Complicated brainstem cavernoma and developmental venous anomaly

Case contributed by Mohamed Saber
Diagnosis almost certain

Presentation

A healthy gentleman presented acutely with left side weakness and numbness associated with mouth deviation, right eye medial deviation, and double vision started less than 1 hour.

Patient Data

Age: 35 years
Gender: Male

CT study shows a dense hemorrhagic lesion involves the right side of the pons and medulla oblongata. It appears localized with a rounded configuration of the pons component and linear of the medullary component. No associated significant mass effect.

MRI study confirms right pons and medulla oblongata hemorrhagic lesion that blooms in T2 GRE and elicits iso intensity in T1 and hyperintensity in T2 consistent with hyperacute blood.

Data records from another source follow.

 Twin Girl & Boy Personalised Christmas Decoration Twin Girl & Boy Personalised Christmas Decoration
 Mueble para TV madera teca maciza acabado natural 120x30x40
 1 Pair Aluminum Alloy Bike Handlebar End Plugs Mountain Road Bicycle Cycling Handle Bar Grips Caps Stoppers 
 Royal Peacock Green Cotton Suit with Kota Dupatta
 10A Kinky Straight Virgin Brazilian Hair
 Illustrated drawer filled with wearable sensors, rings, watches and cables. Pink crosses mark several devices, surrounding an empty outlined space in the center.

As noted in CT, the hemorrhage appears localized with no associated significant mass effect.

Follow up MRI after one month

mri

Follow-up MRI shows right posterior pons small cavernoma (type II Zabramski classification) with associated developmental venous anomaly extends to the right medulla oblongata.

Right mastoiditis is incidentally noted.

Case Discussion

Many cerebral cavernous malformations are asymptomatic and can be treated conservatively. Symptoms can relate to mass effect, epileptic activity, or repeated hemorrhage.

This case is an example of brainstem cavernoma and developmental venous anomaly complicated by hyperacute hemorrhage.

The patient was treated conservatively with complete recovery.